Telephone numbers in Ukraine
- Location of Ukraine
- Country: Ukraine
- Continent: Europe
- Regulator: Ministry of Infrastructure
- NSN length: 9
- Format: (xx) xxx xxxx (xxx) xx xxxx (xxxx) xxxxx
- Country code: 380
- International access: 00
- Long-distance: 0

= Telephone numbers in Ukraine =

Telephone numbers in Ukraine are administered by the Ministry of Infrastructure.

The country last enacted a telephone numbering plan in 2009. National telephone numbers consist of a two-digit zone code, an optional sub-zone code, an optional filler (zero to two "2s), and the local telephone number (five to seven digits). Following the 2022 Russian invasion of Ukraine, the regions of Crimea, Donetsk, and Luhansk were assigned Russian telephone prefixes by the Russian occupation administration.

== 2009 plan ==
On 14 October 2009, Ukraine switched to numbering conventions common in the European Union.

Calling nationwide requires dialing 0, followed by the region code, preceding the local number. For instance, to call Kyiv from Odesa, users dial 0 44 xxx xxxx. The same convention was adopted for mobile operators.

For local calls, users may dial the local number without the prefixes. Mobile users must dial the full 0-prefixed number, although operators may implement local dialing in cities.

The in-country sequence for ordinary zones consists of a two-digit zone code, an optional subzone code (never used for the capital of the geographic region corresponding to a phone zone), an optional filler (0 to 2 "2"s, used to make the whole in-country sequence contain exactly 9 digits) and the local phone number (5 to 7 digits). When dialing from cell phones, the in-country dial sequence (with the 0 XX prefix) is used even for phones of the same provider. Otherwise a call may be placed in the nearest geographic area.

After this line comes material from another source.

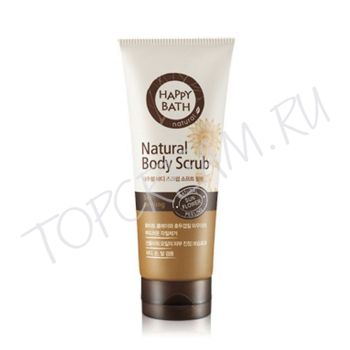 Мягкий скраб Гладкое тело HAPPY BATH Natural Body Scrub Soft Peeling Мягкий скраб Гладкое тело HAPPY BATH Natural Body Scrub Soft Peeling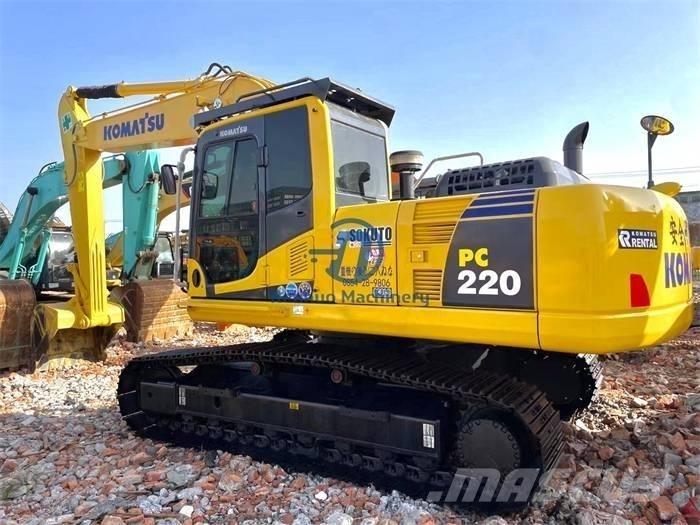 Komatsu PC 220-8 Bagri goseničarji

Area codes correspond to geographic regions ("oblasts") with exception of Kyiv and formerly Sevastopol which utilize their own area code.

Cell phone numbers can be assigned both within the cell phone provider zone and within a geographic zone. The latter arrangement is used mainly for CDMA phones and for GSM operators selling their connectivity within one city, like GoldenTelecom GSM. Allocation of new GSM cell phone numbers within a geographic zone is very rare now because law requires all incoming calls to be free, including incoming calls to a cell phone.

Law explicitly prohibits trunk calls to a PSTN phone within the same local area in a geographic service zone (e.g. from Kyiv to Kyiv), so one cannot dial 0~2 or 0~xx for this, unless the phone exchange is misconfigured or a special circumstance occurs.

The switch to a closed numbering plan, which will introduce seven digit-long numbers for all zones, should be complete in 2011-2012.

To place an international call, users dial 00 before the ITU country code. For instance, to call Vancouver, Canada, from Kyiv, users dial 00 1 604 xxx xxxx.

== Previous dialing plan ==
Ukraine (similarly to most of ex-Soviet Union countries) used to have a four-level (local, zone, country, international) open dialing plan. For all non-local numbers, the required trunk prefix was '8' followed by an auxiliary dial tone after it (optional on digital exchanges), with the following '2' for in-zone calls, followed by an area code, and '10' for international calls.

== Russian invasion ==
Following the 2014 Russian invasion of Ukraine, the Russian-occupied regions of the Republic of Crimea and the Federal City of Sevastopol were issued with the Russian telephone codes +7 352 and +7 869 respectively by the Russian authorities.

Following the 2022 Russian invasion of Ukraine, the Russian-occupied parts of the Donetsk and Luhansk regions were issued with the Russian telephone area codes of 856, 949 and 857, 959 respectively. Whilst the Kherson and Zaporizhzhia Oblasts were considered annexed into the Russian Federation by Russia, these regions were not given area codes that are part of the Russian telephone numbering plan. They currently use Russian and/or Ukrainian cellular phone numbers and/or the existing Ukrainian fixed area codes. Whilst the situation ever changes on the ground the exact usage of phone numbers in these areas thus varies.